- **TO DO**: When you come to the line with "தீபாவளி பலகாரங்கள் வாங்குவோர்", begin repeating; continue exactly through the final line of the records and include nothing from before.

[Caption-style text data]

----------

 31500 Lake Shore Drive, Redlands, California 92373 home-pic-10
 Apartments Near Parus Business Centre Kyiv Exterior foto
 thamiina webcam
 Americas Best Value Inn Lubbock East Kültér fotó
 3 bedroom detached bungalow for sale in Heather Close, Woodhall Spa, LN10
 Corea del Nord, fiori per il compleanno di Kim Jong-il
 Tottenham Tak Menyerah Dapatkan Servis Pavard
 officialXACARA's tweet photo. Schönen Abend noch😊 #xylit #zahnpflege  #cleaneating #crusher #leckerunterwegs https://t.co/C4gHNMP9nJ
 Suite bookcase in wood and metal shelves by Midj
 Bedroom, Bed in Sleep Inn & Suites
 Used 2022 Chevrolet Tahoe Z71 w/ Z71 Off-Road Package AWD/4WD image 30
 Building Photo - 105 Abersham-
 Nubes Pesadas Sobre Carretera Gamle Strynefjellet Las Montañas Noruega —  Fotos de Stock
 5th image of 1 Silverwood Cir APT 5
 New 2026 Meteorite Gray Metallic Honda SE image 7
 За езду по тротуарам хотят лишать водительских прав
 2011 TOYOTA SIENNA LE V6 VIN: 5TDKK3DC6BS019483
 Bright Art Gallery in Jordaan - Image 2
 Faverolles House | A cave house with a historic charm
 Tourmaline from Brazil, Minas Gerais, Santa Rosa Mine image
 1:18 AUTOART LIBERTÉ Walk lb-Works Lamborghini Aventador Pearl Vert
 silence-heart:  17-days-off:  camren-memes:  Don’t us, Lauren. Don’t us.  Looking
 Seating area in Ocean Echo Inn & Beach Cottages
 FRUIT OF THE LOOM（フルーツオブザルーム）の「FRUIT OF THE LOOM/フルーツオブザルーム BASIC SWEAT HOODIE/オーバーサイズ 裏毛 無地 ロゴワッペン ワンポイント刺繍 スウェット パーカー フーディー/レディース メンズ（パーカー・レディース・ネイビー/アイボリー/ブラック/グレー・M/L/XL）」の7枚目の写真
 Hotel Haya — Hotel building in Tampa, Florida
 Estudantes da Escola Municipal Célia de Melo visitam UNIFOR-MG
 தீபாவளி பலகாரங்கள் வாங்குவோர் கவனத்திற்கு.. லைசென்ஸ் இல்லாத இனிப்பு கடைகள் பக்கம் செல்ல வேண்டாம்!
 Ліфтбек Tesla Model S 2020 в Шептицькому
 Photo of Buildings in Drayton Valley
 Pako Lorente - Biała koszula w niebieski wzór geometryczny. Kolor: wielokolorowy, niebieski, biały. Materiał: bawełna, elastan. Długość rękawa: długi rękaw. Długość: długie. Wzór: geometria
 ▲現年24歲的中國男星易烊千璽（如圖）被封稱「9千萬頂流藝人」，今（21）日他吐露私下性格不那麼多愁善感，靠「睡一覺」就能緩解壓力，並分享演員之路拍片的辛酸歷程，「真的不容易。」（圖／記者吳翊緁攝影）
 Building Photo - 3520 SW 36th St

----------

- **PROBLEM SOLUTION**:
 தீபாவளி பலகாரங்கள் வாங்குவோர் கவனத்திற்கு.. லைசென்ஸ் இல்லாத இனிப்பு கடைகள் பக்கம் செல்ல வேண்டாம்!
 Ліфтбек Tesla Model S 2020 в Шептицькому
 Photo of Buildings in Drayton Valley
 Pako Lorente - Biała koszula w niebieski wzór geometryczny. Kolor: wielokolorowy, niebieski, biały. Materiał: bawełna, elastan. Długość rękawa: długi rękaw. Długość: długie. Wzór: geometria
 ▲現年24歲的中國男星易烊千璽（如圖）被封稱「9千萬頂流藝人」，今（21）日他吐露私下性格不那麼多愁善感，靠「睡一覺」就能緩解壓力，並分享演員之路拍片的辛酸歷程，「真的不容易。」（圖／記者吳翊緁攝影）
 Building Photo - 3520 SW 36th St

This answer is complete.